The new policy, up for a vote today, is an attempt to keep property on the county's tax rolls and prevent nonprofit organizations from transferring the land to the federal government.
The federal government owns vast stretches of the county and pays no property taxes.
"Land conservancies have been acquiring large amounts of private land in San Bernardino County, only to transfer the land to the federal government, thereby removing the property from county tax rolls and in some cases closing off access to public lands," Supervisor Brad Mitzelfelt, the policy's architect, said in a statement.
"Our county has lost 735,807 acres of tax base and ranches since 2000 to conservancy acquisitions for parks, wilderness inholdings and habitat mitigation."
The new policy would give the county, and individual supervisors, a greater say in what groups can buy land and where. It would make it more difficult to transfer the land to the federal government.
But local land conservancy groups say the new policy would severely limit their mission -- acquiring land to help national parks and other wilderness areas.
Much of the land the organizations seek is in remote and often mountainous areas, places difficult to develop, said Shelton Douthit, a consultant who works with nonprofits in acquiring land through back-tax sales.
"None of them have any economic viability. If they did, the prior owner would have kept them," Douthit said. "We do it because we believe there is a national purpose: To see these national jewels protected. This defeats that."
Under current state tax law -- known as Chapter 8 sales -- nonprofit organizations can buy residential or vacant property that has been in tax default for at least five years. They can purchase the land at a greatly reduced price before it goes to a public auction.
Mitzelfelt, who did not respond for a request for an interview, said in his statement that he wants the land returned to viable residential or other economic uses and not turned over to the federal government or closed off to the public.
The federal government is barred from buying land through Chapter 8 sales.
Nothing in the proposal would prevent a nonprofit from bidding on property during a normal public auction, meaning a higher price would have to be paid, he said.
"If we are going to lose properties in perpetuity from our tax rolls and possibly lose public or private access, I want to at least make sure the county receives the market value of the property," Mitzelfelt said.
The new policy, among its details, would:
Allow the treasurer-tax collector to approve a sale of residential land to a nonprofit for conservation when that is the "only possible beneficial use."
Allow the approval of all sales of vacant, buildable land less than 20,000 square feet in size to nonprofits that agree to dedicate the land for public use.
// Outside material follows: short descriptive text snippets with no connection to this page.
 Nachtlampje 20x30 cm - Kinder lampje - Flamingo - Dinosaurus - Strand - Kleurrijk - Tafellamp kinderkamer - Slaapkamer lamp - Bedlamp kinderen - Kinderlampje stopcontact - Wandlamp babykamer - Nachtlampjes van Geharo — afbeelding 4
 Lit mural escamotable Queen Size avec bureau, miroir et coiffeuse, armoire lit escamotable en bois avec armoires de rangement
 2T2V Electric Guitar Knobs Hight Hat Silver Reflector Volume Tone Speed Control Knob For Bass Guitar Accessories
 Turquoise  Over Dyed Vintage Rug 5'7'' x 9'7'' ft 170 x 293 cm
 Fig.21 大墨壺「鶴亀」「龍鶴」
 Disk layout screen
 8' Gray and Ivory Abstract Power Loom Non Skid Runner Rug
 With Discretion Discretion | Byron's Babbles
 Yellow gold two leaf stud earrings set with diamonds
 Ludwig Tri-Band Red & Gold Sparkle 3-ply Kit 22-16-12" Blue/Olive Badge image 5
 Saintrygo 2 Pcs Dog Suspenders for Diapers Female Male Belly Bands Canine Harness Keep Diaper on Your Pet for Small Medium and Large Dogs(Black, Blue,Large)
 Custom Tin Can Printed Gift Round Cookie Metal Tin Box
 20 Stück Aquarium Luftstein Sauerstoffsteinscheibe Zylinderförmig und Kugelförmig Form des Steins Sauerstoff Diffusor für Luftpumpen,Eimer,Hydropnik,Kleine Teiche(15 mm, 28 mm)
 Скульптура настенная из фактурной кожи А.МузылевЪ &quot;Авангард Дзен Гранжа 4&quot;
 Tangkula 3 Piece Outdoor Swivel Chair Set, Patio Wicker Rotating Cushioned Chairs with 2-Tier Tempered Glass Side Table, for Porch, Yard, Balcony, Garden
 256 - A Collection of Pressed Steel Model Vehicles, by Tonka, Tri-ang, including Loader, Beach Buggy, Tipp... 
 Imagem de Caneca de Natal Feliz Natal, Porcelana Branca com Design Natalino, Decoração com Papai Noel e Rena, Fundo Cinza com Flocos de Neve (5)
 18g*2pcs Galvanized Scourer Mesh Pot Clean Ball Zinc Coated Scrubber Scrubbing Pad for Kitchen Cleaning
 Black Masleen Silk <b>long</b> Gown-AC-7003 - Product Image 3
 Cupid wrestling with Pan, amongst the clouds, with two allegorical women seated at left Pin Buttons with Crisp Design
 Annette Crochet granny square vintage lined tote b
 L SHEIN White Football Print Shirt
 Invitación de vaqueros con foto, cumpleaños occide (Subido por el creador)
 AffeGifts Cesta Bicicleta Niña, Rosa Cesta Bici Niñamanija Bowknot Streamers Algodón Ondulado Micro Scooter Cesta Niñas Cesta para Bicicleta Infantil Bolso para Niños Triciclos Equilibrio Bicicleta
The land would have to be "totally surrounded" by other property already dedicated for public use.
For property larger than 20,000 square feet, or land not totally surrounded, the treasurer-tax collector would refer the application to the supervisor whose district includes the property.
That supervisor would have the power to approve or deny the sale.
The Riverside Land Conservancy has acquired land near the Mojave National Preserve, a 1.6 million-acre area run by the National Park Service.
Gail Egenes, the conservancy's administrative director, said the new policy is vague, making it hard to weigh in on it. She expressed concern about an individual supervisor being able to decide whether the nonprofit organizations can acquire land.
"It leaves a lot open to interpretation, especially when the decision-making lies with one individual," Egenes said. "We certainly feel (buying land at Chapter 8 sales) is an effective and good way to make the best use of some of these very remote and undevelopable areas."